# Directions for this task
Every line in the records below between the one holding "Mercedes-Benz E-Class W213" and the one holding "Common goods meat delivery melbourne", inclusive, is to be set down exactly; all other lines are to be left out.

# Records for processing
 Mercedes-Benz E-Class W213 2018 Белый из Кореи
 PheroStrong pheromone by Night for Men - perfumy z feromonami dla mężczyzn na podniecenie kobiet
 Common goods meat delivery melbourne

--

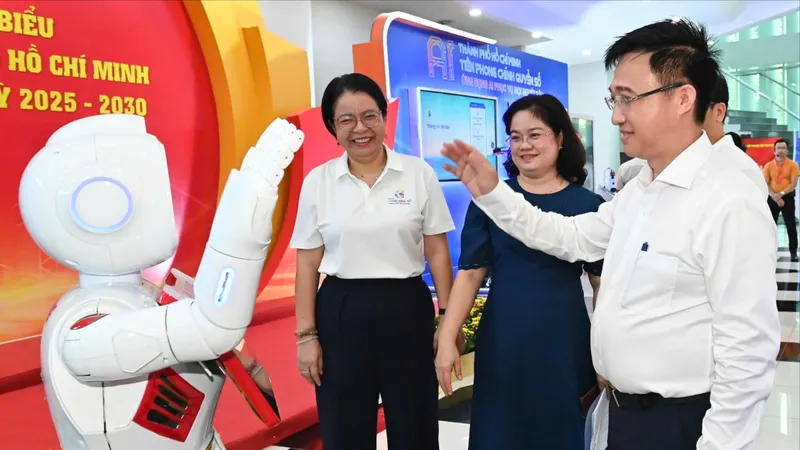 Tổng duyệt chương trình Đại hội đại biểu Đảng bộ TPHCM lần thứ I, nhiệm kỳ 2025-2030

# Solution to this problem
 Mercedes-Benz E-Class W213 2018 Белый из Кореи
 PheroStrong pheromone by Night for Men - perfumy z feromonami dla mężczyzn na podniecenie kobiet
 Common goods meat delivery melbourne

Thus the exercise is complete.